Cloud auth: URIs go in JSON; tokens and keys do not — Rust reads system/OS environment variables on the process that loads the native library (not Java-specific). Use shell export, Docker --env-file, or Kubernetes env / Secrets. Per-platform guides: AMAZON_S3.md · AZURE_ADLS.md · SNOWFLAKE.md · overview CLOUD_AUTH.md.

Fake credentials below are placeholders only — do not use in production.

Connector Shared connection / URI Primary auth (examples)
PostgreSQL postgresql://etl_user:FAKE_PG_PASS@db01.example.com:5432/analytics?sslmode=require User + password in URL
Oracle oracle://etl_user:FAKE_ORA_PASS@db01.example.com:1521/ORCLPDB1 User + password in URL (ConnectorX)
SQL Server mssql://etl_user:FAKE_SQL_PASS@db01.example.com:1433/warehouse?encrypt=true User + password in URL
Snowflake Account https://xy12345.us-east-1.snowflakecomputing.com · stage s3://demo-bucket-us-east-1/snowflake-stage/rdp/ OS env: stage AWS_* + optional SNOWFLAKE_*SNOWFLAKE.md
Databricks Workspace https://dbc-a1b2c3d4-e5f6.cloud.databricks.com · warehouse abfss://datalake@storacc01.dfs.core.windows.net/unity/ Storage: OS env AZURE_* or AWS_* for warehouse URI (CLOUD_AUTH.md); PAT is outside in-tree sink I/O
Spark Master spark://spark-master.example.com:7077 · handoff s3://demo-bucket-us-east-1/spark-handoff/out.parquet Cluster auth is in your Spark submit config (Kerberos, token, etc.) — not on the Rust FFI boundary
Amazon S3 s3://demo-bucket-us-east-1/rdp/incoming/part-00000.parquet OS env: AWS_* (or IAM role on host/pod) — AMAZON_S3.md
Google Cloud Storage gs://demo-gcs-project/rdp/incoming/part-00000.parquet OS env: GOOGLE_APPLICATION_CREDENTIALSCLOUD_AUTH.md
Azure Blob / ADLS abfss://container@storacc01.dfs.core.windows.net/rdp/incoming/part-00000.parquet OS env: AZURE_*AZURE_ADLS.md
SFTP sftp://etl_user:FAKE_SFTP_PASS@sftp.example.com:22/rdp/incoming/data.parquet User + password or SFTP_PRIVATE_KEY_PATH env — see CLOUD_AUTH.md
FTP ftp://etl_user:FAKE_FTP_PASS@ftp.example.com:21/rdp/incoming/data.parquet User + password (FTP_PASSWORD env) — see CLOUD_AUTH.md
Kafka (streaming) localhost:9092 + topic events (bootstrap servers) SASL/SSL via librdkafka config — KAFKA_ELT.md (ELT, not batch ETL)

Warehouse SQL (same text in all languages where applicable):

SELECT id, name, amount FROM demo.fact_scores WHERE amount > 0 LIMIT 100000;

Build features: Validated by scripts/check_jvm_full_features.py (JVM, Rust, Python).
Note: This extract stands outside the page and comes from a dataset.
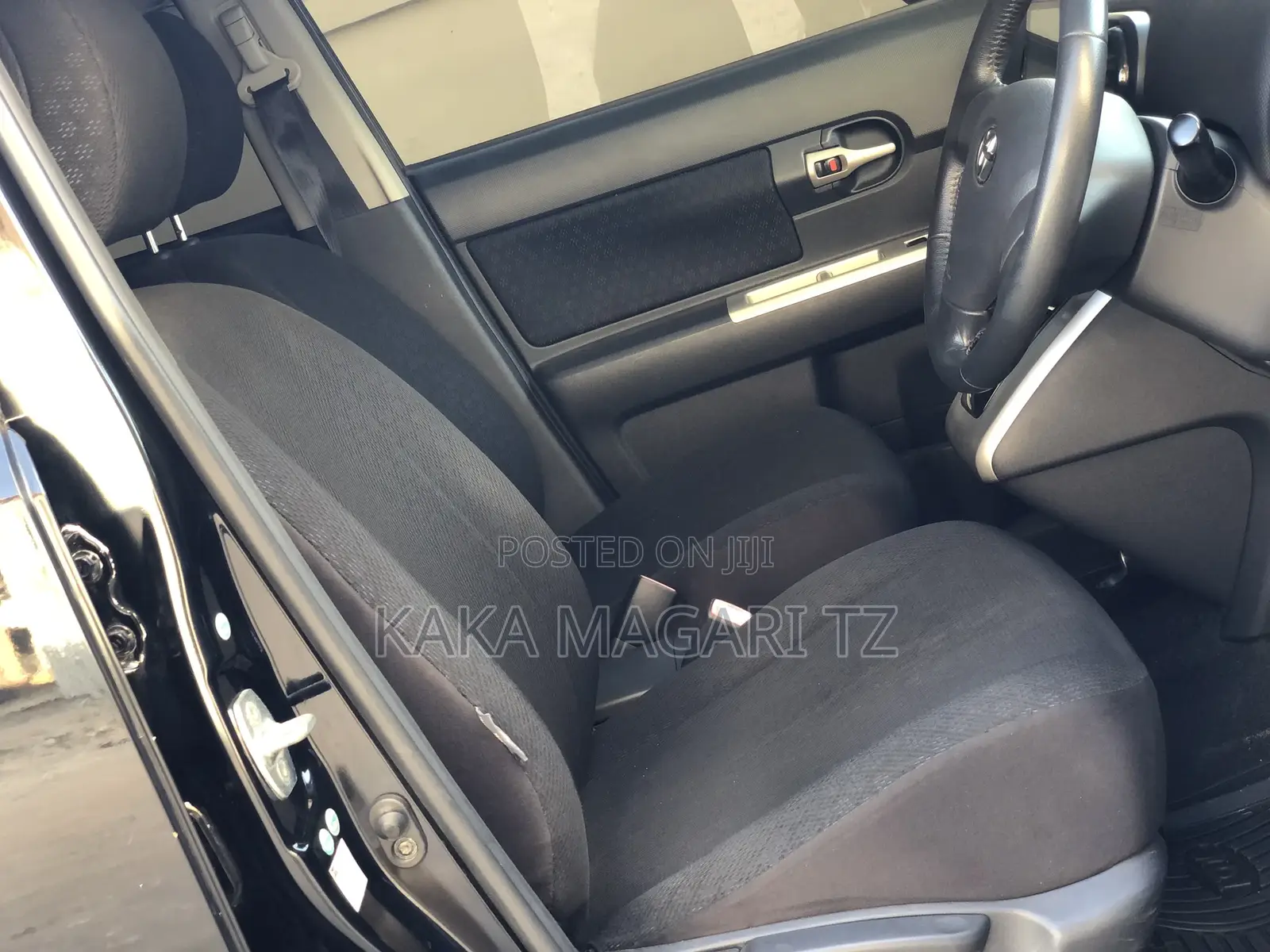 Toyota Corolla Rumion 2010 Black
Rust integration: integration_full (db_connectorx + cloud_connectors + excel). Python integration: integration_full (db + cloud). JVM / CI: rdp_jvm_sys --features full — all batch connectors below (db_connectorx, sink_postgres, sink_oracle, cloud_connectors, sql, excel). Kafka streaming ELT: add --features kafka — see KAFKA_ELT.md (poll windows, not file batches).


Integration validation (Docker)

Tri-language tests under integration_testing/ run Java, Python, and Rust against Docker emulators. Rust performs all protocol I/O; Java and Python call rdp_run_pipeline_json or Kafka FFI (librdp_jvm_sys).
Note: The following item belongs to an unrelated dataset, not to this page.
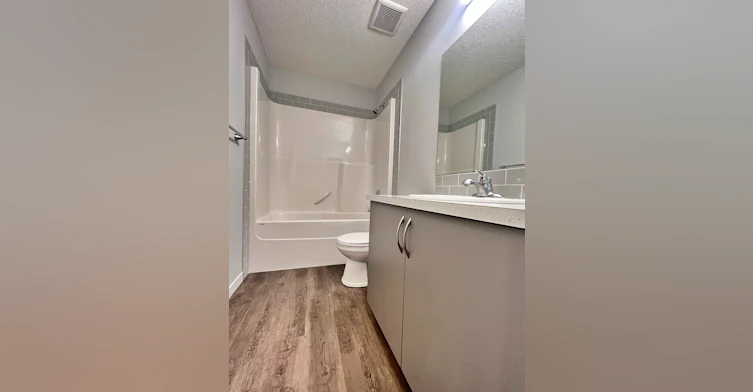 002-213 Mountain Street, Cochrane, AB, T4C 1C9 - 13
Suite Run command Protocols / pattern
CloudConnectors python3 integration_testing/CloudConnectors/run_cloud_tests.py --no-rancher S3 (MinIO), GCS (fake-gcs), Azure (Azurite): CSV → transform → kind: object_store export → read-back via object_store_uris. SFTP / FTP: import seeded CSV via file_transfer_uris.
Kafka python3 integration_testing/Kafka/run_kafka_tests.py --no-rancher One Uber CSV row per message → rdp_kafka_export_dataset_jsonrdp_kafka_poll_window_loaded_json (Redpanda).
Snowflake / Databricks / Spark run_snowflake_tests.py, run_databricks_tests.py, run_spark_tests.py Platform kind: sinks → MinIO / Spark verify.
SQL Server / Oracle / PostgreSQL run_mssql_tests.py, run_oracle_tests.py, PostgreSQL/run_tests.py DB sink or ConnectorX import.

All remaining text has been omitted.